Harry continued, ‘For a few seconds, as the BMW pulled away onto that bridge into North Korea, the driver’s window came down and a cigarette butt was dropped onto the road. The hand that held it was white. The agent enhanced the pixels enough to ascertain that in the front passenger seat was another Caucasian, about fifty, with spectacles, his head slightly turned towards the camera. Defense Intelligence Headquarters in Tokyo identified the passenger as Dmitri Alverov, aged fifty-two, designer of ballistic missile re-entry vehicles. Alverov works at the Moscow Institute of Thermal Technology and has been photographed twice in Votkinsk, the factory eight hundred miles east of Moscow where the Topol-M missile is made. This is Russia’s most lethal long-range ballistic missile. It’s not Alverov’s first visit to North Korea. He was there from October 7th to 18th last year when he visited the Toksong nuclear weapons facility, which is three hundred miles north-east of Pyongyang.’

Harry pointed to it on the map, tracing a route down from the North Korea — China border to the capital Pyongyang and then looping up again to the nuclear site at Toksong, reminding Stephanie how Russia, China, North and South Korea, and Japan all got crushed together in this part of the world. The Sunuiju crossing lay at the south-west end of the border. She shifted her finger to the north-east, inadvertently brushing Harry’s hand. ‘Why didn’t they bring it in here?’ she asked. ‘The direct crossing between Russia and North Korea. No need to involve China.’

‘That’s only a rail crossing. Vitruk would need the flexibility of road transport, which is why he sought Chinese help.’

‘On Alverov’s first crossing, was the vehicle window up or down?’

‘We missed him at the border, but why?’

‘They could have thrown out the cigarette butt anywhere. They have ashtrays in the vehicle. So why bring the window down here, where they know they’re being watched? Were nuclear scientists being absent-minded? God forbid! Or did they want us to know they were going through? And if they did, why?’

‘And, of course, you have a theory.’

‘Yes, if we run with our Cuban missile analogy. Kennedy knew the Russian naval ships were on their way to Cuba and that was the beginning of the negotiations. If Moscow wants a deal, far better to start talking now than when the missile has been readied for launch. Unless, of course, it’s a bluff.’

‘No.’ Harry shook his head. ‘They couldn’t bluff on something like this.’

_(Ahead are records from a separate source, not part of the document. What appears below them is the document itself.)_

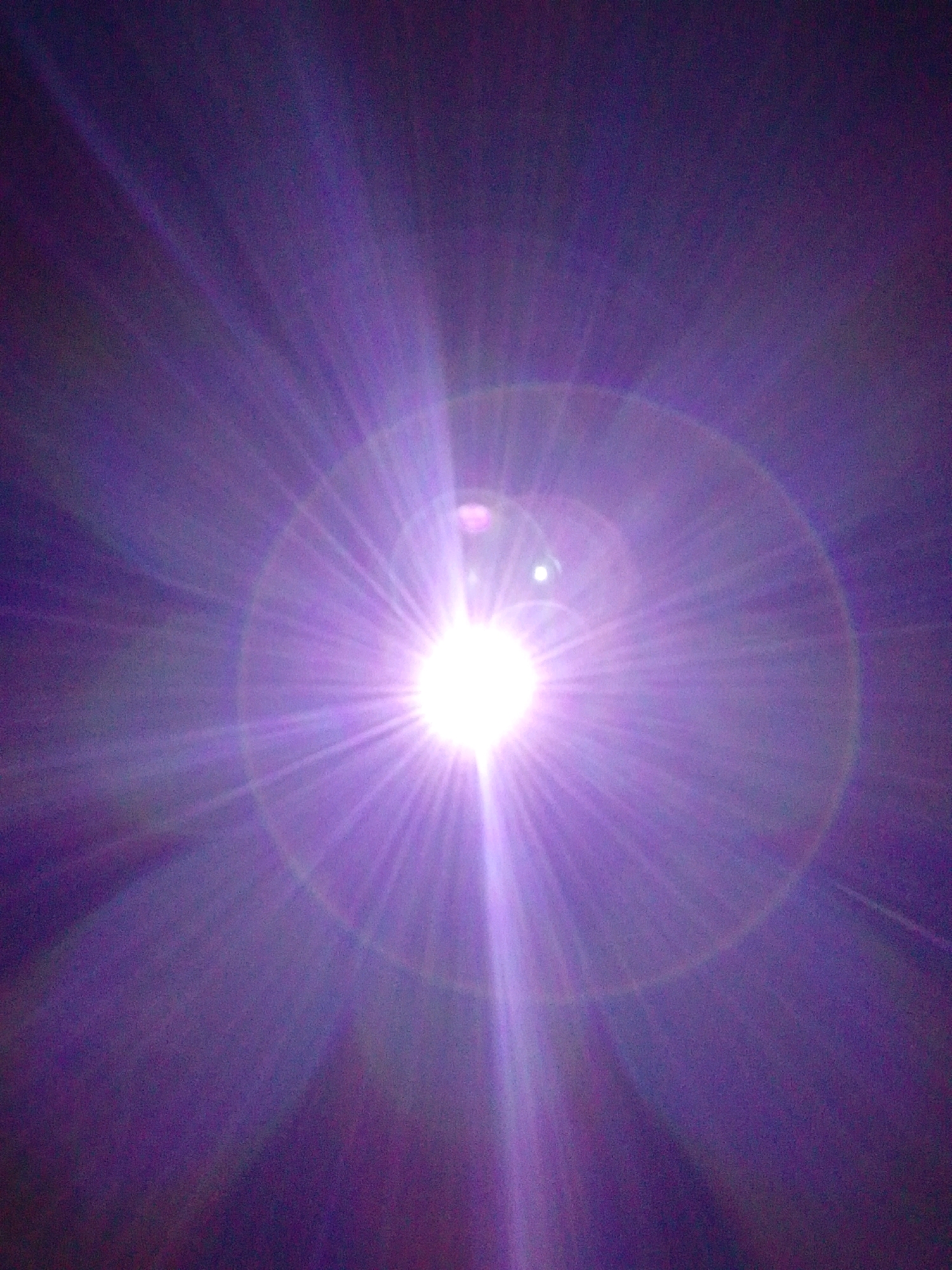 The image shows a bright light source with visible rays emanating outwards, creating a starburst or lens flare effect. The dominant color is purple, with variations in intensity and hue due to the light. The background is a dark, possibly night sky, with some subtle gradations of color. There are also some circular or oval light reflections, indicating the light source is likely artificial, such as a powerful lamp or spotlight, or a very bright celestial object like the sun or moon captured with a lens flare. The image lacks any discernible details of people, objects, actions, interactions, or a specific location within Serti, Nigeria. The abstract nature of the image makes it impossible to provide a forensic description related to a specific scene.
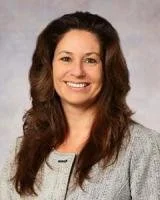 Portrait of a woman with long brown hair, smiling, wearing a gray blazer.
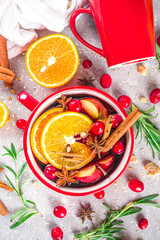 Mulled Wine Hot Drink with Citrus and Spices, Traditional Autumn Winter Warm Alcohol Beverage, in small portioned red stewpan or mug  with Mulled Wine Ingredients - fruit and spices, copy space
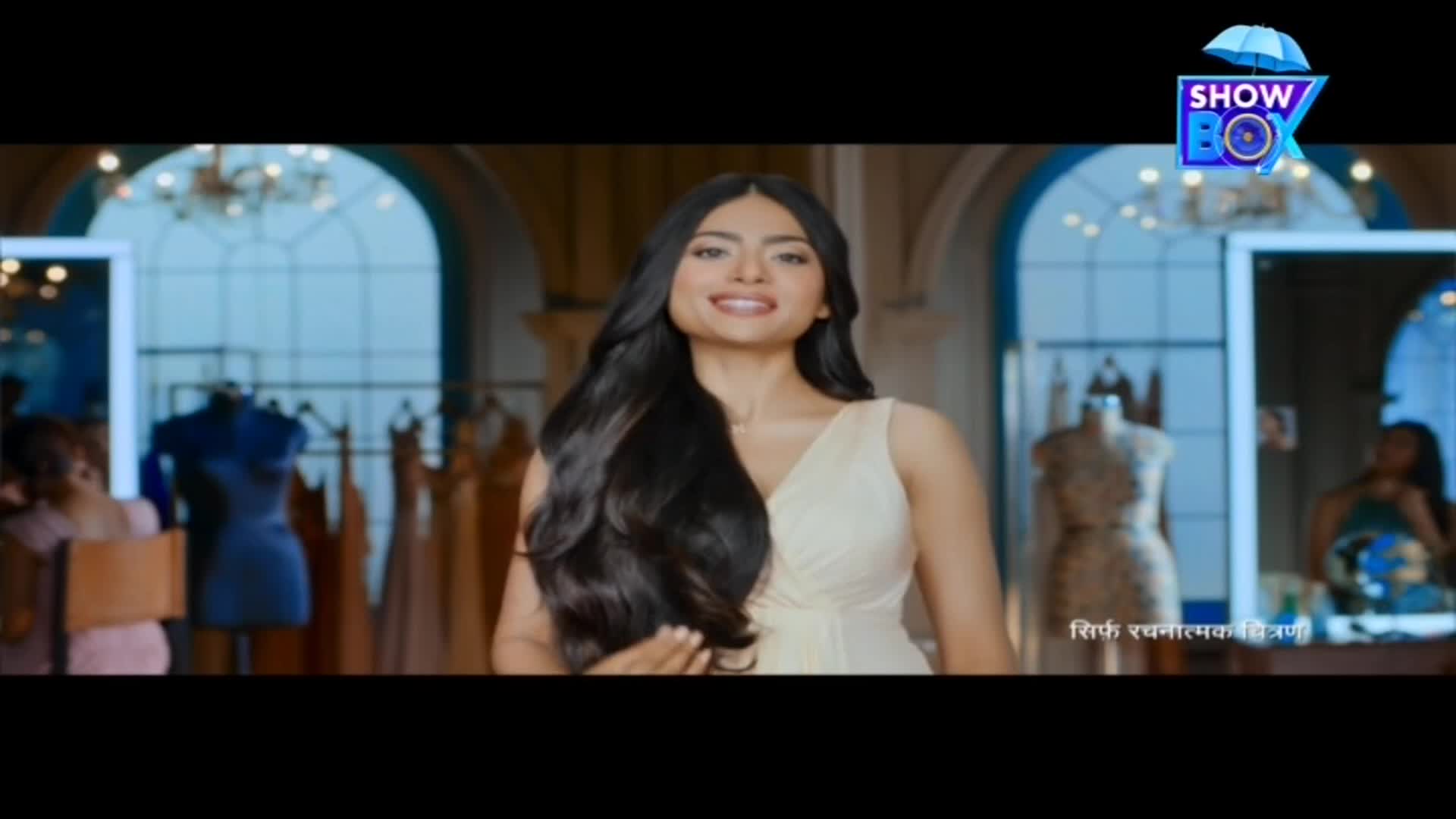 A woman in a cream dress smiles, her long, dark hair cascading over her shoulders. The ShowBox logo floats in the upper right corner, and the scene seems to be set in a fashion studio in India.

She tapped the China side of the border. ‘Isn’t this the Shenyang Military District?’

‘It is,’ said Harry. ‘Run by the same General Bu Zishan whom Vitruk lavishly entertained last year.’

‘And would he need Beijing’s authorization to let the Russian team through?’

‘No. He has a lot of independence.’

‘Would Vitruk need authorization?’

‘Alverov and the Institute of Thermal Technology are in the Volga Military District. The commander there is a rival to Vitruk and an ally of Sergey Grizlov. So, yes; my guess is that Vitruk would need to reach out, beyond his arc of control.’

Which meant that Vitruk’s operation must have been sanctioned by Lagutov; not just Little Diomede, but, if Harry’s intel was right, ratcheting it all the way to nuclear confrontation. The timing of Grizlov’s message suggested this was the case. Stephanie checked her phone to see if he had messaged again. Nothing. ‘Grizlov tried to contact me.’

‘I know.’

And how the hell did he know that? He must be plugged directly into the highest classification of signals intelligence. ‘Explain, please.’ Stephanie shifted her weight and looked him straight in the eye. ‘No, forget that. First give me your overall conclusion as to what you think is going on.’